Kelsey: She's crazy for not going with him. One, he's hot. Two, he's hot. Three, he's rich. Four, he's hot. Five, he's Batman.

July 19, 2005

We're 2-3... 2-4... 2-5

I haven't blogged in a while about my summer soccer team. The last three games haven't gone so well.

After the last game I blogged, we held our typical Sunday afternoon practice. I was one of the defenders on drills with other players taking turns as forwards. One of our star forwards, a girl with a very strong leg, took a full-power shot just as I happened to be in front of her, not more than two or three yards away. The ball hit me square in the face, and I don't think I've ever felt anything quite like it. I crumpled to the ground. After a moment, I felt my face and realized I wasn't bleeding, so decided to get up... and was actually dizzy and couldn't quite stand up straight at first.

Of course, it's easy to guess what happened at the game the next day -- having never taken a ball in the face like that before, it happened to me again while we were playing. This time, I didn't go all the way down, just to one knee, thinking, "Oh, no, not again," kind of like Douglas Adams' bowl of petunias. Anyway, we lost that game 3-2, but played reasonably well, I thought.

The next game, we faced off against the team that gave us an 11-0 drubbing earlier in the season. We played them harder the second time, and it was closer, but we still lost 5-1.

In last night's game, we started off well, and I personally felt like I played my best all season -- I had a save in goal, and practically flew to come this close to another save when our keeper was out.

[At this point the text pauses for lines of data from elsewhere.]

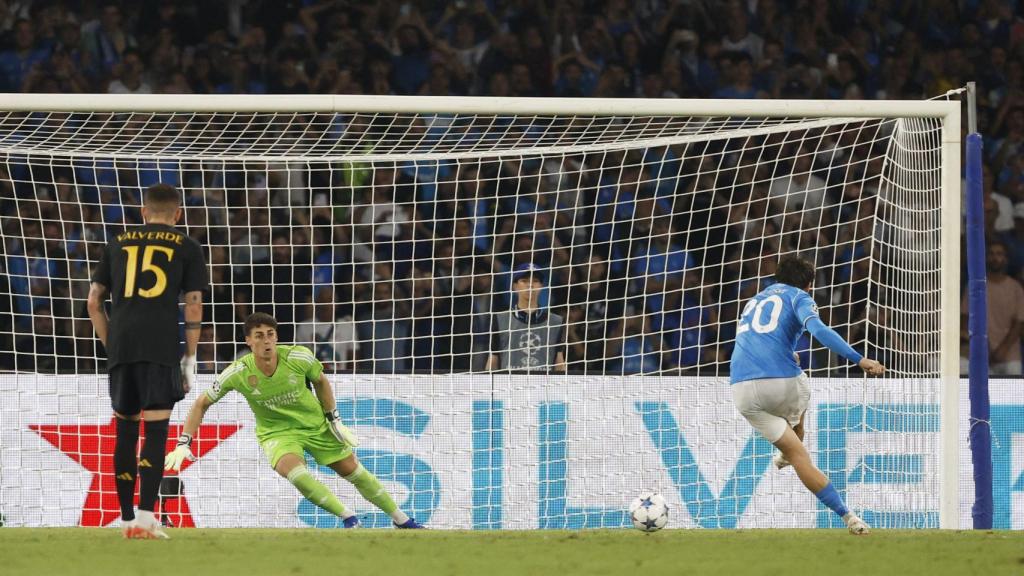 Lanzamiento de penalti de Zielinski.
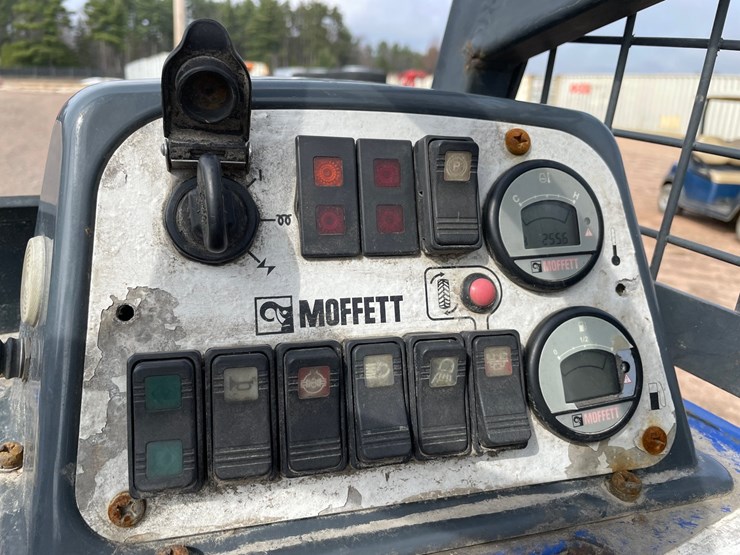 #1250-•-moffet-tm55-4w-piggyback-forklift-image-13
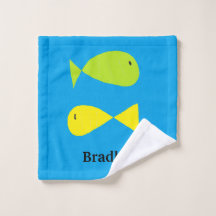 Kute groene en gele vissen op blauw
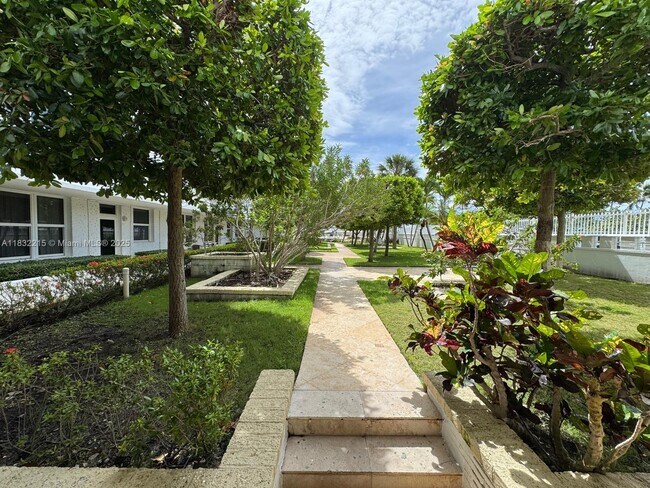 Foto del edificio - 4747 Collins Ave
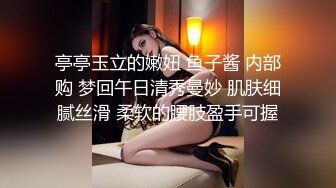 颜值美少女！性感黑丝极度淫骚！假屌吸在墙上后入，从下往上拍摄完美视角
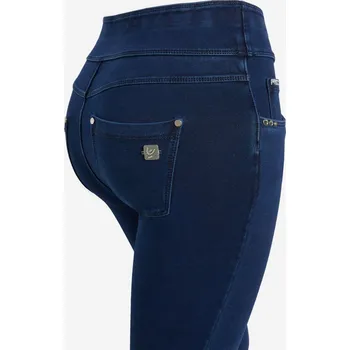 Dámské kalhoty Freddy kalhoty N.O.W.® YOGA v džínově tmavě modré s modrými švy, slim fit, ohrnující pas, denim žerzej Vybraná velikost: XL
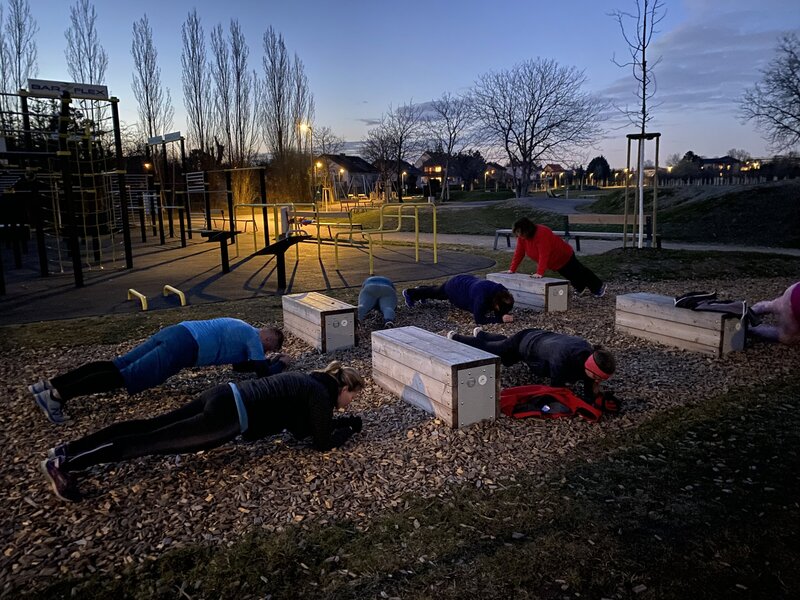 Pilates, Ernährungstraining und zyklusorientiertes Training in den Bezirken Mödling und Baden für ganzheitliches Wohlbefinden – sowie Fit im Büro: Dein Team-Training für mehr Gesundheit am Arbeitsplatz.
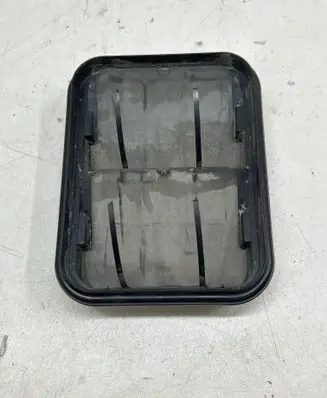 Nissan Note (E12) Quarter panel pressure vent 76804ED50A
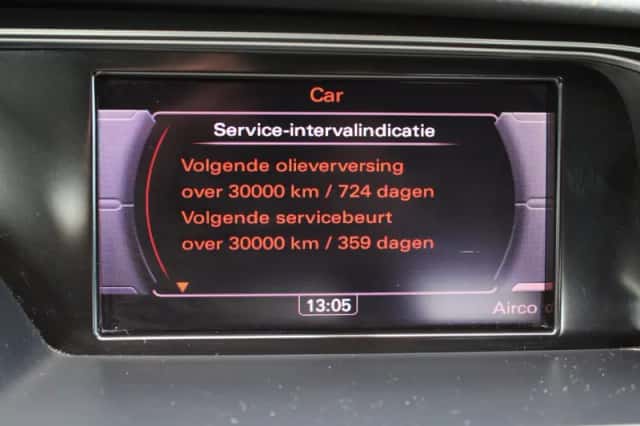 Audi A4 (2010) thumbnail 27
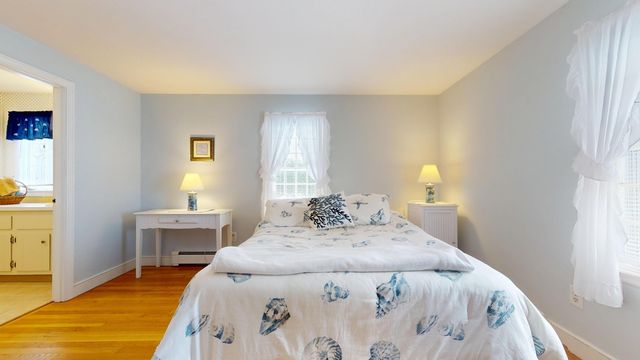 21 Brae Burn Lane, South Yarmouth, MA 02664
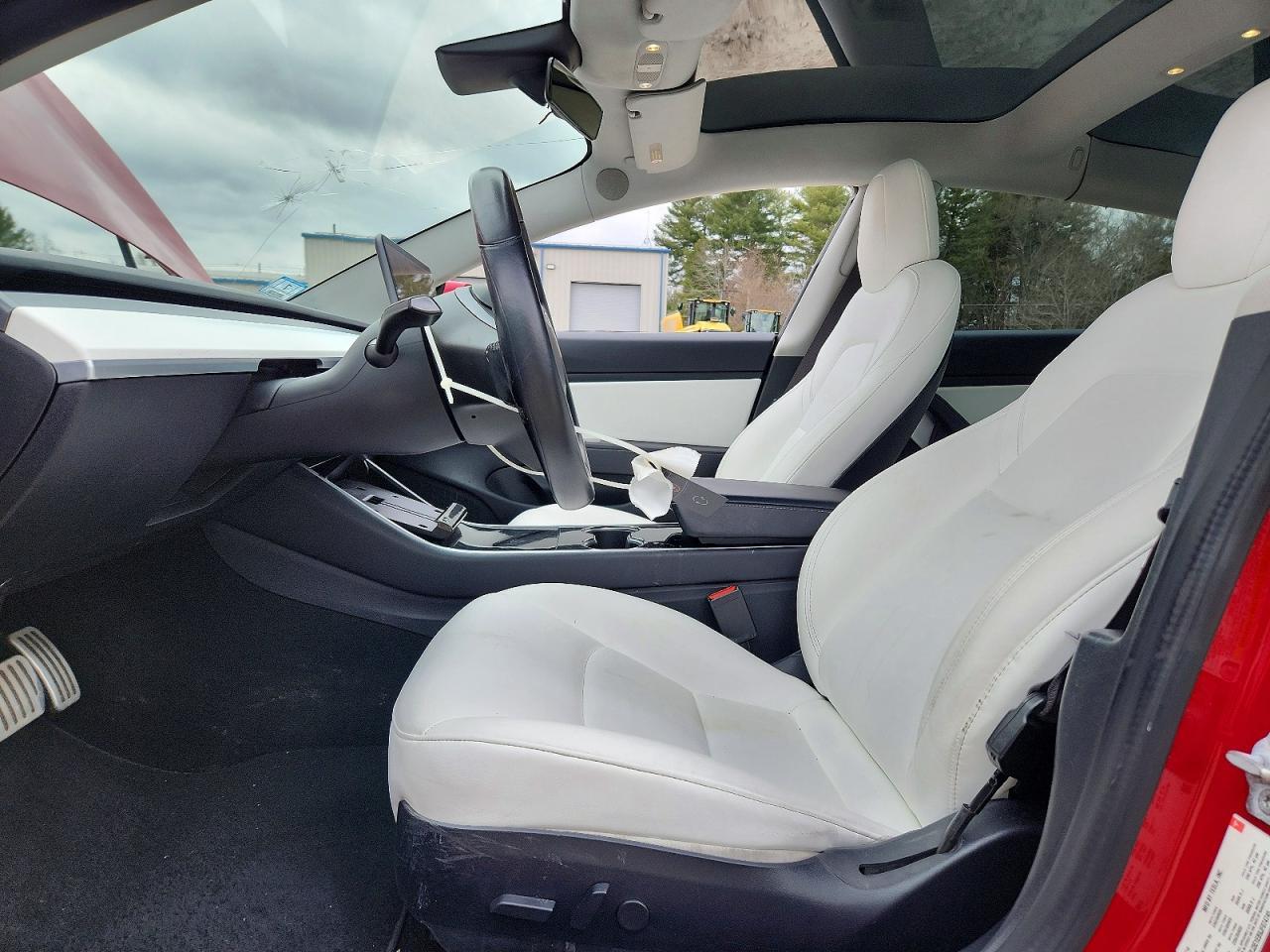 2018 Tesla Model 3 - Фото 7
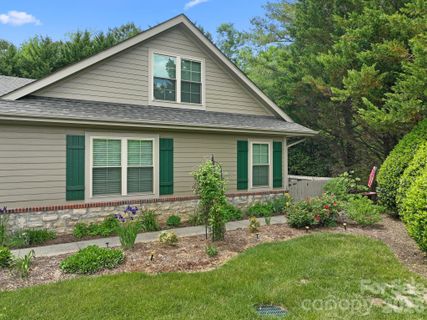 11 Outlook Circle pending home in Craggy View Cottages, Swannanoa, NC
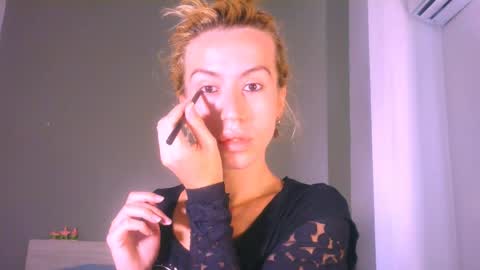 Snapshot of thedollxxxperience chatting on April 7, 2026, 3:18 am Yolanda online show from April 7, 2026, 3:18 am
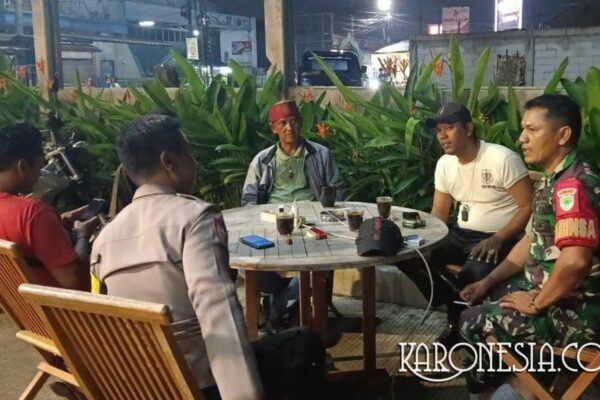Babinsa dan Warga Rawalumbu Aktifkan Siskamling untuk Cegah Gangguan Kamtibmas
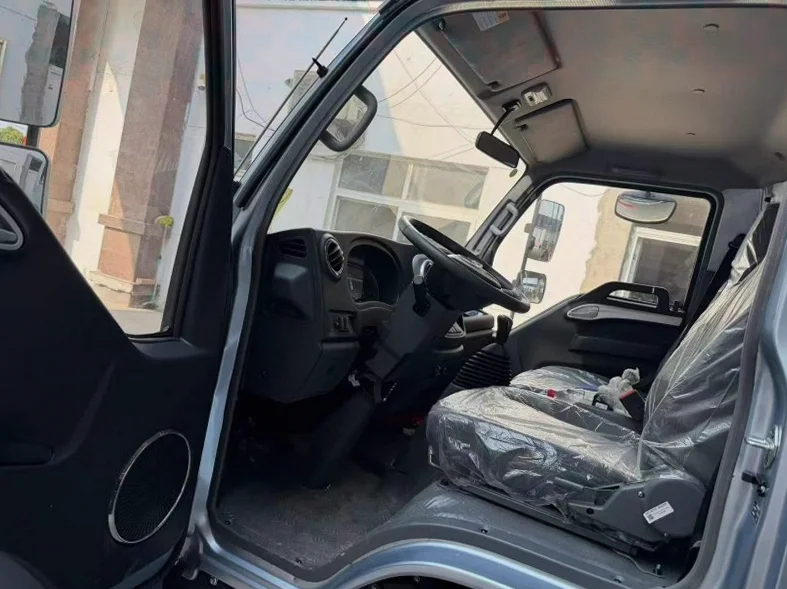 江淮康铃 后面外观一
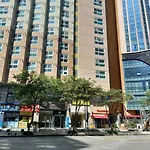 40 Queen, 2 Minutes Run To The Beach, Close To The Sea, 5 Minutes To Club D Oasis Swimming Pool, Nice And Long Walk Along The Beach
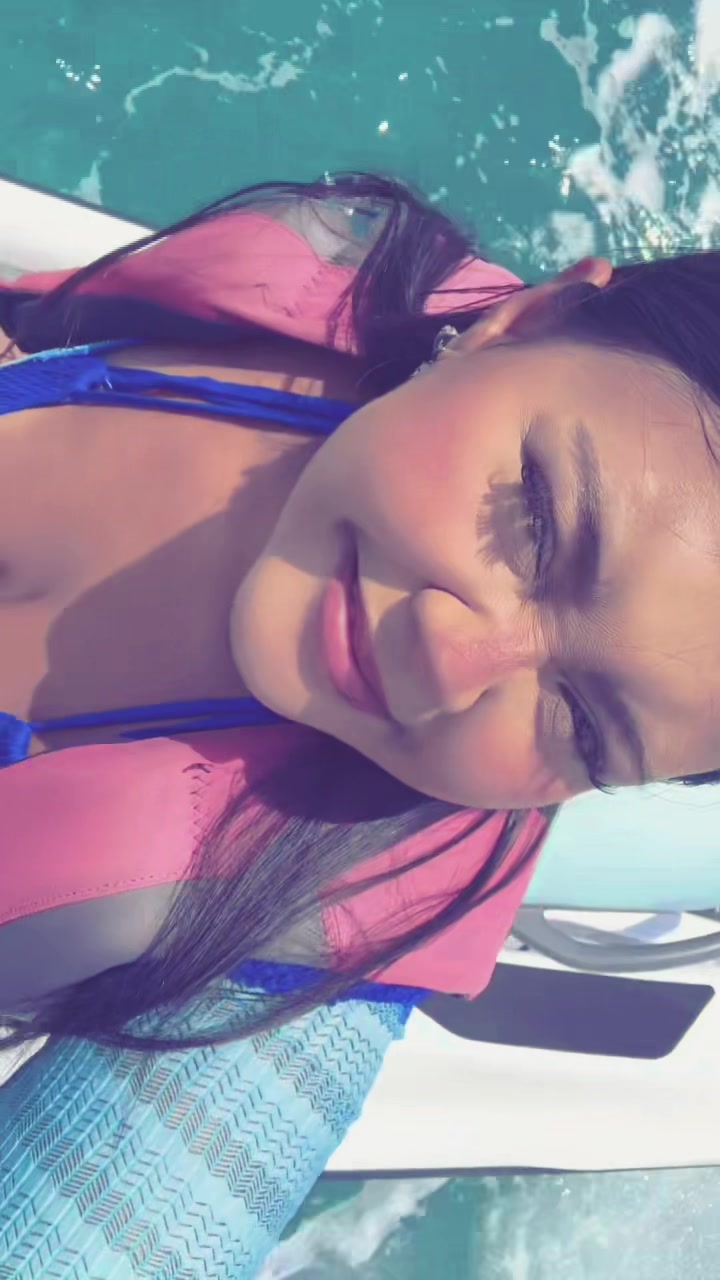@🥥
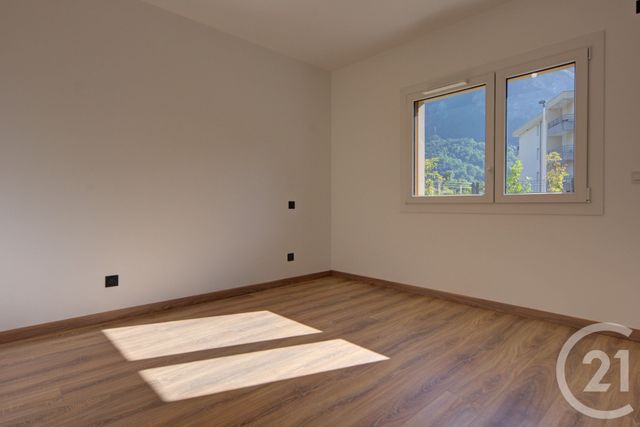 Appartement T3 &agrave; louer - 3 pi&egrave;ces - 56,66 m2 - Sallanches - 74 - RHONE-ALPES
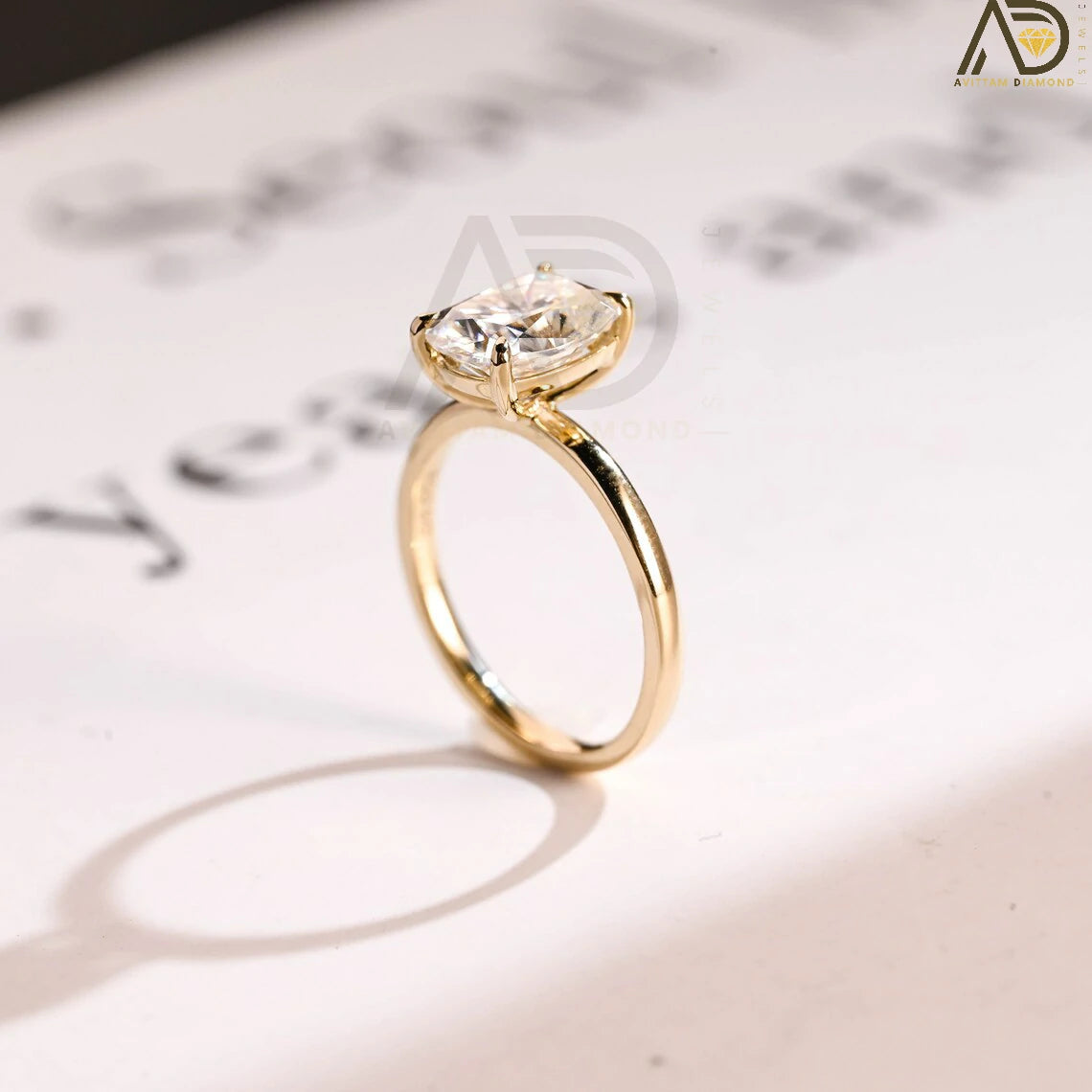 Unique Moissanite Jewelry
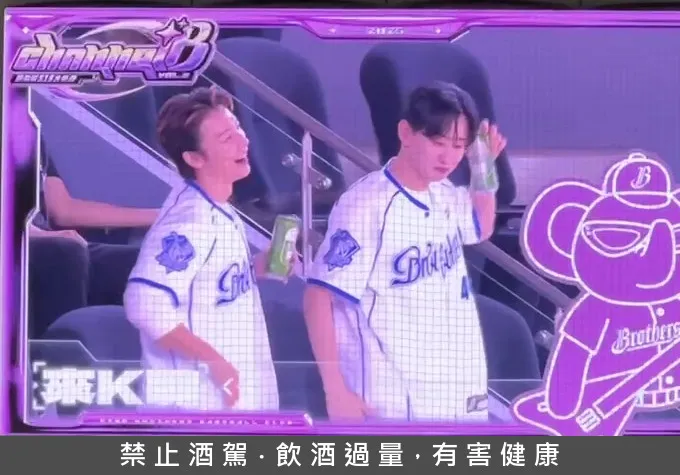 东海(左)、银赫听到现场播放《Oppa,Oppa》,开心跳起舞。读者提供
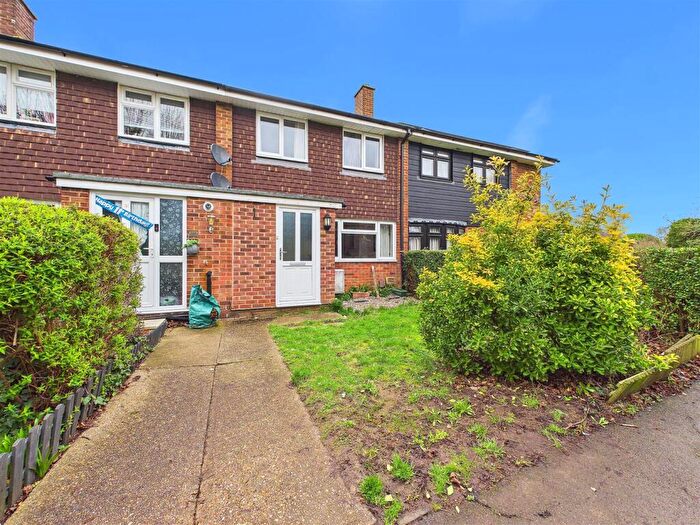 3 Bedroom Terraced House To Rent In Linnet Drive, Chelmsford, CM2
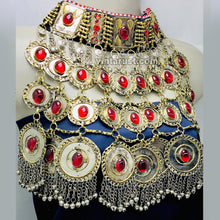 Load image into Gallery viewer, Vintage Layered Necklace With Red Glass Stones
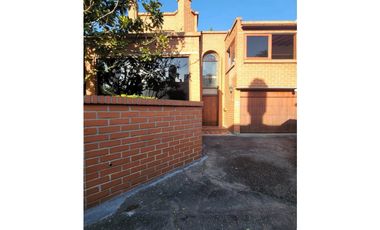 VENTA CASA SECTOR SAUZALITO LOMA DELOS PARRA EL POBLADO MEDELLIN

But we seemed to wear down and ended up losing 6-0, which was frustrating.

So now, by my count, we're 2-5. But though I'm frustrated with our performance, I don't love soccer any less than when we were winning last summer, and win or lose, I wouldn't want to play with anyone else.

July 07, 2005

London, Yesterday and Today

Yesterday morning, I was driving to a meeting in Virginia when the winner of the 2012 Olympics was announced. There was that moment of suspense as Jacques Rogge paused appropriately, and then when the word "London" came out, I actually cheered in the car. I love France, and Paris is a beautiful city, but like so many Americans, London feels like going home to me. London was the underdog for the Olympics, and the Parisians were acting like it was theirs, so naturally, taking all into account, I had to cheer for the Londoners. What a delight.

This morning I woke up to the news that London had been bombed. I hope and believe I'll never be shocked again as I was by 9/11 -- at this point, I'd be horrified but not shocked if I woke up the news that New York had been hit with a briefcase nuke -- but still, it was hard to hear. Such a wonderful city, such wonderful people. I didn't ask "Why them?" I know why them, or at least think I do. They're perceived as being staunch allies of the US. They have troops on the ground in Iraq and have since the invasion. But that doesn't make it any less horrific, or any less barbaric, or any less wrong -- utterly and completely wrong.

To the people of London, you have my condolences. And please know that not only will I visit your city later this year as planned, I will actively look for more opportunities to make my way there.